Seven-Up Bottling Company Ltd is a soft drinks manufacturer headquartered in Lagos, Nigeria. Its shares were previously quoted on the Nigerian Stock Exchange but after a buyout of outstanding public shares by the investment arm of the founder's family, it became privately owned. Seven-Up Bottling Company Ltd is one of the largest manufacturing companies in Nigeria, producing and distributing some of the nation's most-loved beverages in the country like; Pepsi, 7Up, Mirinda, Teem, Mountain Dew, H2oH!, Lipton Ice Tea, Supa Komando Energy Drink and Aquafina premium drinking water.

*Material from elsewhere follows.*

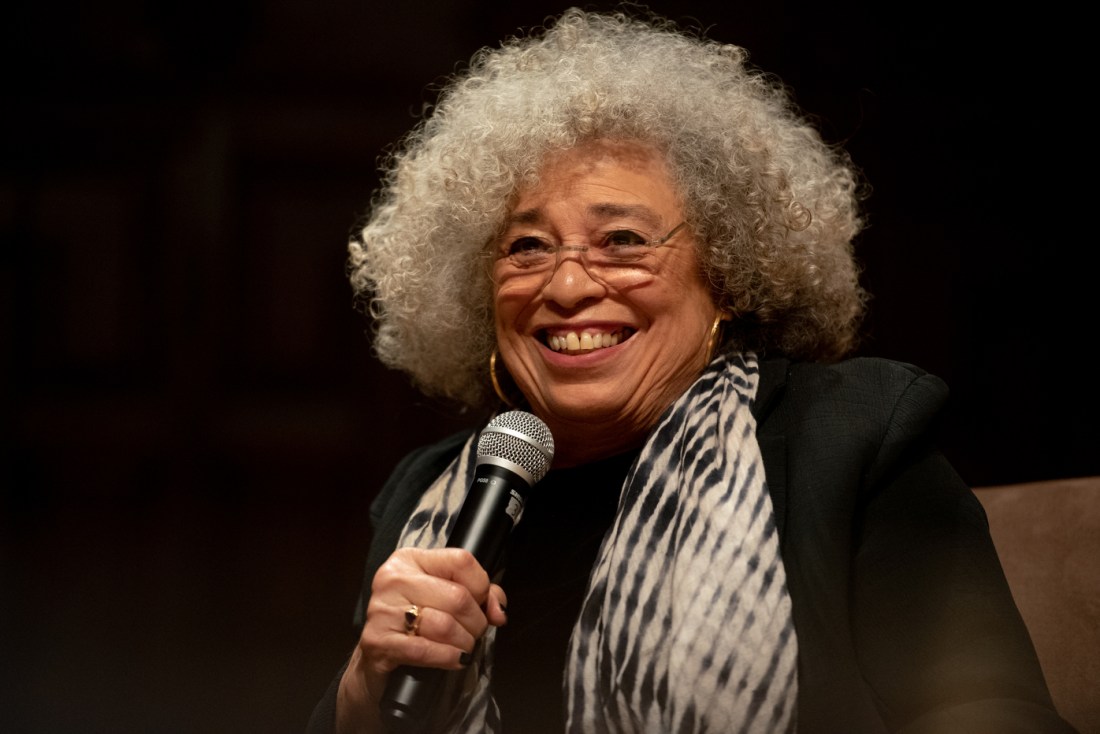 angela davis smiling while holding microphone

SBC has nine bottling plants with state-of-the-art manufacturing facilities strategically located across various regions in the country.

==History==
Production of its first product, 7 Up started on October 1, 1960. The venture was a brainchild of the El-Khalil family from Lebanon. The family patriarch had founded a transport firm in Nigeria and then decided to divest into the soft drink market to compete with Leventis led Nigerian Bottling Company (NBC). In the 1960s, the firm introduced a brand of howdy products including Howdy, Crush, Howdy Tonic Water, and Howdy Ginger Ale. The firm's initial market was within Mid-West and Western Nigeria due to the location of its factory at Ijora, Lagos. To raise awareness and compete with NBC, they distributed outdoor branded kiosks to retailers.

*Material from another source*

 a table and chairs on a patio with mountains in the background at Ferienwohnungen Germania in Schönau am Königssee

In the 1970s, after the government promulgated an indigenisation decree, El-Khalil family sold their transport business and concentrated on the bottling business. Faysal El-Khalil, who managed the transport firm, joined Seven-Up and later became its managing director. As the purchasing power of consumers increased, the firm embarked on an expansion programme at the beginning of Nigeria's oil boom during the 1970s. A new factory was built in Oregun and followed by one at Ibadan and then at Aba. The company's push for nationwide coverage has led to factories being built in Kano, Kaduna, Enugu, Benin and Ilorin. Many of its expansion programs were financed with debt.

Currently, the firm markets 7-Up, Pepsi, Mirinda, Teem, Supa Komando and Mountain Dew.

==Marketing==
Seven-Up developed promotions in the late 1980s has a structural adjustment program adopted by the government led to price increases. The promos involved limited prizes drawn under the crown cork of bottles. Consumers could win money, cars or other gift items during the promos. However, the odds of winning were not favorable and this sometimes led to backlash from segments of the community.

Seven-Up has a history of sports sponsorship in Nigeria. The firm sponsors a youth football academy.

The firm also introduced 35cl and 50cl bottles of Pepsi.